How do I use grep to find lines, in which any word occurs 3 times?

Using the standard word definition,

GNU Grep, 3 or more occurrences of any word.

grep -E '(\W|^)(\w+)\W(.*\<\2\>){2}' file

GNU Grep, only 3 occurrences of any word.

grep -E '(\W|^)(\w+)\W(.*\<\2\>){2}' file | grep -Ev '(\W|^)(\w+)\W(.*\<\2\>){3}'

POSIX Awk, only 3 occurences of any word.

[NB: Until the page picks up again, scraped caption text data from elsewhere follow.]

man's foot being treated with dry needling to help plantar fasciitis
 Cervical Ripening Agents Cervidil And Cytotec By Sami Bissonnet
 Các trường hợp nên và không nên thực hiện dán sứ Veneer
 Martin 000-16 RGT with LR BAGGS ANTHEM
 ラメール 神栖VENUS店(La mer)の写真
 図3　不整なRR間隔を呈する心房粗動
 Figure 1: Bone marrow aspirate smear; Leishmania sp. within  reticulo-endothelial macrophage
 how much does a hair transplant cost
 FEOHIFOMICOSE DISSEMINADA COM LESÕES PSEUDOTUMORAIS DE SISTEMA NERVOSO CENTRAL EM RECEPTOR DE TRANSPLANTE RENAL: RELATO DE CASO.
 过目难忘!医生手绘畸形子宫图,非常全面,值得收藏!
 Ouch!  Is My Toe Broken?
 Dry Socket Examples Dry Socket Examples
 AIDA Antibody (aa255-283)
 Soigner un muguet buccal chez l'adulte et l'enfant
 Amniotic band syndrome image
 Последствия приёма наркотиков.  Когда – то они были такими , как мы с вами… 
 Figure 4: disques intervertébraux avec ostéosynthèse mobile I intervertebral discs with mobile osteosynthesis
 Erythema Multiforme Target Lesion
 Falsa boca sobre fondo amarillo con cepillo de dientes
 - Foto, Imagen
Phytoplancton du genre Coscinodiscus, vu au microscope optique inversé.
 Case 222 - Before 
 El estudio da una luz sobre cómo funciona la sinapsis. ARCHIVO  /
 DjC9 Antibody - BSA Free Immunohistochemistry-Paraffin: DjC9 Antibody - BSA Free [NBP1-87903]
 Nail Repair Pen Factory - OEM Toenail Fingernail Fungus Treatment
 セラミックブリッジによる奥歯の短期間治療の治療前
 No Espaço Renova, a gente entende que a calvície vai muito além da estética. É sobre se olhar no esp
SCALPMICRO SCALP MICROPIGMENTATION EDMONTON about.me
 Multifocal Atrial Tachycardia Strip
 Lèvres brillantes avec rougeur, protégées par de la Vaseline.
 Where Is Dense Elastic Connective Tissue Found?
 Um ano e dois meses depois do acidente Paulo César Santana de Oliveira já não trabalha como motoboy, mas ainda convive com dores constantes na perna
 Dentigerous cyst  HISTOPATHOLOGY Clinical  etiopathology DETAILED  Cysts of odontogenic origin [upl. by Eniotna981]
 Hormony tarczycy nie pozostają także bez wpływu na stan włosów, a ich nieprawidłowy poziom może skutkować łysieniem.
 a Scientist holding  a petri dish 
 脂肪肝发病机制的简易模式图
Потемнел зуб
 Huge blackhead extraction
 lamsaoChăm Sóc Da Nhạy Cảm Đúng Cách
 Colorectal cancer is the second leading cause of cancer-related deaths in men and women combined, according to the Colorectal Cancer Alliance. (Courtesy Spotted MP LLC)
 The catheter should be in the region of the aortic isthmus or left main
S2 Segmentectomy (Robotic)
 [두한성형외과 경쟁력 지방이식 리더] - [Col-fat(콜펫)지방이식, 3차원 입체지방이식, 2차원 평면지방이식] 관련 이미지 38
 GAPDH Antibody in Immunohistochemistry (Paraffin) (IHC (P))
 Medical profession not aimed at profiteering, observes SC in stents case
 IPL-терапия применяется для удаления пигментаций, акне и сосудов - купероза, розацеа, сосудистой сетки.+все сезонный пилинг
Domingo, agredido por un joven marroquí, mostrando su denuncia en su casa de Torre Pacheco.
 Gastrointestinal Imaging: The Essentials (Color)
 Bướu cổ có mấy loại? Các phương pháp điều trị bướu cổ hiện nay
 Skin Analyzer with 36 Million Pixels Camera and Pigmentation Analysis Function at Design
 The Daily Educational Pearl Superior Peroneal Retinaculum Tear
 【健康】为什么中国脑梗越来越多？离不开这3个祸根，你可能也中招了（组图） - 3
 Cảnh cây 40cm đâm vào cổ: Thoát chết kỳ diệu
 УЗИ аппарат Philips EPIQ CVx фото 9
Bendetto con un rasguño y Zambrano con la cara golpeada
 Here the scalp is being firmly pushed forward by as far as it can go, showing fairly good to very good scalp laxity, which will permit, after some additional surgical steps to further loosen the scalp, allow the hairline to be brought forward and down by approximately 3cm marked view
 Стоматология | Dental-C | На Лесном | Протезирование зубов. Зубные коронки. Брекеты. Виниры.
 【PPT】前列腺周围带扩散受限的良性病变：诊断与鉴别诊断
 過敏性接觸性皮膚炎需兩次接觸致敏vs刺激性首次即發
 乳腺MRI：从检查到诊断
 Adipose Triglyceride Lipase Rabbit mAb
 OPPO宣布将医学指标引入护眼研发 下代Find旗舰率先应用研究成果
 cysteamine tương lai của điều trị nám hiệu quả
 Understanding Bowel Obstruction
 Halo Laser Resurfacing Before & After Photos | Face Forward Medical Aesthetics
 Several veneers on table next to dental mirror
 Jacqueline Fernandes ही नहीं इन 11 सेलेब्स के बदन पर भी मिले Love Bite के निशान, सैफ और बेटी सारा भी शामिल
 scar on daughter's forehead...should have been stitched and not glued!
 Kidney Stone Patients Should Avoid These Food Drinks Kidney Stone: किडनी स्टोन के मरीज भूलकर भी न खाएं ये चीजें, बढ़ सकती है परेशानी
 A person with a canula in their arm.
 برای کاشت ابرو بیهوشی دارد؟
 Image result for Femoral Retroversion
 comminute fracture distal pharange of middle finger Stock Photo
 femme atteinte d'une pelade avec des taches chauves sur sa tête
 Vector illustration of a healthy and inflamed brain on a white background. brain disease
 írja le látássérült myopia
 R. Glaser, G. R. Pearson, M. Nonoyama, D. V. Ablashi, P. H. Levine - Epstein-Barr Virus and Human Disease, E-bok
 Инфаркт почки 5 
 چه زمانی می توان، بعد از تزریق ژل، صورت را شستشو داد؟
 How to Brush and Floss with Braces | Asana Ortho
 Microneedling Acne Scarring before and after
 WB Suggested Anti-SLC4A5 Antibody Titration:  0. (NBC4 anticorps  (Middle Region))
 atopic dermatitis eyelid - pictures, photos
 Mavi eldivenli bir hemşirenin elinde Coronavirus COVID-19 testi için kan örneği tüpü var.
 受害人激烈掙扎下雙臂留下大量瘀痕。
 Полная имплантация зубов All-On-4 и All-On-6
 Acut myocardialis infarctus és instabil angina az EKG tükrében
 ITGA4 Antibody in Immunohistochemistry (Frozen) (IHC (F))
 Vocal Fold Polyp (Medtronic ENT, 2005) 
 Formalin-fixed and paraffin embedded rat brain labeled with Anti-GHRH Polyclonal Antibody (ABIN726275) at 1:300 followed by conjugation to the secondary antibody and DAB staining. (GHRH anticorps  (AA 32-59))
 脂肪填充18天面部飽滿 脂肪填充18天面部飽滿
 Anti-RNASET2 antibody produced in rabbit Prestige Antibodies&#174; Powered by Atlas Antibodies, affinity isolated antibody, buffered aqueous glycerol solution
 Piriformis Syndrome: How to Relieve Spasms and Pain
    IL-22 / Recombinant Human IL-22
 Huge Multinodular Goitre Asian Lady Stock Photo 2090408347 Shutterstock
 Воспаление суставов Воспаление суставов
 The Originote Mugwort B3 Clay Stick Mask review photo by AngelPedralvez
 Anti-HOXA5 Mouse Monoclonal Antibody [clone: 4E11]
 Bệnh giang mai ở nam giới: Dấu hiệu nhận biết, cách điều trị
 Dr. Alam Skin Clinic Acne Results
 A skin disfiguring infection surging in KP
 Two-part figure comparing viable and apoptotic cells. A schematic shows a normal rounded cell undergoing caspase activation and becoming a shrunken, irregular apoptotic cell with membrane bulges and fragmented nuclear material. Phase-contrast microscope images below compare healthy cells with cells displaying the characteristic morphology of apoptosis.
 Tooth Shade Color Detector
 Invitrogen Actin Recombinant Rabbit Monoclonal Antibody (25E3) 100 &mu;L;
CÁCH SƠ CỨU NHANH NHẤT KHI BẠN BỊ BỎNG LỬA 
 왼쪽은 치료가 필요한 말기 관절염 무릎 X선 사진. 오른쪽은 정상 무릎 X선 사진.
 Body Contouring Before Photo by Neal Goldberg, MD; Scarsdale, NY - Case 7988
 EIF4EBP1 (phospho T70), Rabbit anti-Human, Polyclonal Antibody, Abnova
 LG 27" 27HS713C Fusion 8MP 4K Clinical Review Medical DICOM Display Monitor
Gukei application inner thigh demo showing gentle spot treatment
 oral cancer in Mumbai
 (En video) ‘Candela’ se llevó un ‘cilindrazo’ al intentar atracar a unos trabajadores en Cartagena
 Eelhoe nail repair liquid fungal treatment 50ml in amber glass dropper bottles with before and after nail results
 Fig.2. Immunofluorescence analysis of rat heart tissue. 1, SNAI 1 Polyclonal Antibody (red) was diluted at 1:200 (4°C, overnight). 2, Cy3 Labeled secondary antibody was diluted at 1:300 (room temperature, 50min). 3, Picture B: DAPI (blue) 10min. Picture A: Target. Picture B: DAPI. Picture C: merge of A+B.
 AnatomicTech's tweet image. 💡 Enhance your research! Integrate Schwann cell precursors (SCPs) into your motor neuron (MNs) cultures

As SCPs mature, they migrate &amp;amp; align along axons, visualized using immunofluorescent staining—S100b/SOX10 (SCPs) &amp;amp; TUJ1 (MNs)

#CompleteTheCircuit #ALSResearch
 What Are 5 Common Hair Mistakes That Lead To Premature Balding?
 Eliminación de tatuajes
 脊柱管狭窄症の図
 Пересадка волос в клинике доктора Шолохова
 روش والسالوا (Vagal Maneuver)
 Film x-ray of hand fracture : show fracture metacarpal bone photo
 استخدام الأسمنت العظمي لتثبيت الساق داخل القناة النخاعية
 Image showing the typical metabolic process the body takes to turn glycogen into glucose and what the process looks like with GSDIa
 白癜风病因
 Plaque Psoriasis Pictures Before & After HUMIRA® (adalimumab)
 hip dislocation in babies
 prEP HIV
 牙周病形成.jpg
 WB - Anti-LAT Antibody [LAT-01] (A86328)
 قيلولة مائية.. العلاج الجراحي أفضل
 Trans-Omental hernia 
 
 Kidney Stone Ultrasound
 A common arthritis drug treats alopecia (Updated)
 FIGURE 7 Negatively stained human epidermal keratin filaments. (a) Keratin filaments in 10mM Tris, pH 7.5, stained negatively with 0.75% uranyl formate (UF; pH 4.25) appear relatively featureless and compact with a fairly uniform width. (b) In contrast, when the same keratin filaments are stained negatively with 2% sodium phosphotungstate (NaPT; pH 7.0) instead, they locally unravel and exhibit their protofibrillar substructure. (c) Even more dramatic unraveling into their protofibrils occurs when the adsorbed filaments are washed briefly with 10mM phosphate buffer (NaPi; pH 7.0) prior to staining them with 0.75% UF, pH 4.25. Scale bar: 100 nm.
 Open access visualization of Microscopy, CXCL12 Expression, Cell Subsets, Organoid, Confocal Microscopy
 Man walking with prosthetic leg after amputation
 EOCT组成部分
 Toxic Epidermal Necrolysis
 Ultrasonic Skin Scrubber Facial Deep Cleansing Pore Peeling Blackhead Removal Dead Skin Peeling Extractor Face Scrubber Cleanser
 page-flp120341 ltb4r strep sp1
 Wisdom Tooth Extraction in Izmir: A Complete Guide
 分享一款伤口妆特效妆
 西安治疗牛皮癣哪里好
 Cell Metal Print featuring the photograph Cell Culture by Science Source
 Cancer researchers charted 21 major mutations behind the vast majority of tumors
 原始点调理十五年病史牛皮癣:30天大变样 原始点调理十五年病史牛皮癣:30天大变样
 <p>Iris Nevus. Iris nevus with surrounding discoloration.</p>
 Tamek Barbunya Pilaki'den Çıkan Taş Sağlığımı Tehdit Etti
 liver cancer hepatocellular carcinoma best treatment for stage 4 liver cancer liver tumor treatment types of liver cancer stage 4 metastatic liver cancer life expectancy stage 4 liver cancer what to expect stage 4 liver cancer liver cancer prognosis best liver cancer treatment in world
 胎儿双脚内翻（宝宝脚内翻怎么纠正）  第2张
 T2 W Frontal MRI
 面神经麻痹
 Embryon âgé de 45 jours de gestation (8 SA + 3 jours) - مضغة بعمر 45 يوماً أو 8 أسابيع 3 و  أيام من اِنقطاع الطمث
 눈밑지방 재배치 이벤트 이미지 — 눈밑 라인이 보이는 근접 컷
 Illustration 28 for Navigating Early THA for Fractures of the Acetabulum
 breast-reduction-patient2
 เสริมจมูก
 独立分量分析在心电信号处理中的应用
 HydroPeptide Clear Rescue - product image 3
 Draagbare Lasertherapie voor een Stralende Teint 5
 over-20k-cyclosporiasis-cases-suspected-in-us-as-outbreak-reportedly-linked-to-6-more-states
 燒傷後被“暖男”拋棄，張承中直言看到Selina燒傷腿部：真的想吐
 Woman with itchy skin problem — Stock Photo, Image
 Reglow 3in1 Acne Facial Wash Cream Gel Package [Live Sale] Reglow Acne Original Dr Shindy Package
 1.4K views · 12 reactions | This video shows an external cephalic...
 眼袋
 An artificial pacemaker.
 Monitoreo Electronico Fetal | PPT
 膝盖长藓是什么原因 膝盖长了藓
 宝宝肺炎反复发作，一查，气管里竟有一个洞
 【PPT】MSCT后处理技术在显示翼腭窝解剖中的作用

awk -F '[^_[:alnum:]]+' '{           # Field separator is non-word sequences
    split("", cnt)                   # Delete array cnt
    for (i=1; i<=NF; i++) cnt[$i]++  # Count number of occurrences of each word
    for (i in cnt) {
        if (cnt[i]==3) {             # If a word appears exactly 3 times
            print                    # Print the line
            break
        }
    }
}' file

For 3 or more occurences, simply change == to >=.

Equivalent golfed one-liner:

awk -F '[^_[:alnum:]]+' '{split("",c);for(i=1;i<=NF;i++)c[$i]++;for(i in c)if(c[i]==3){print;next;}}' file

GNU Awk, only 3 occurrences of the word ab.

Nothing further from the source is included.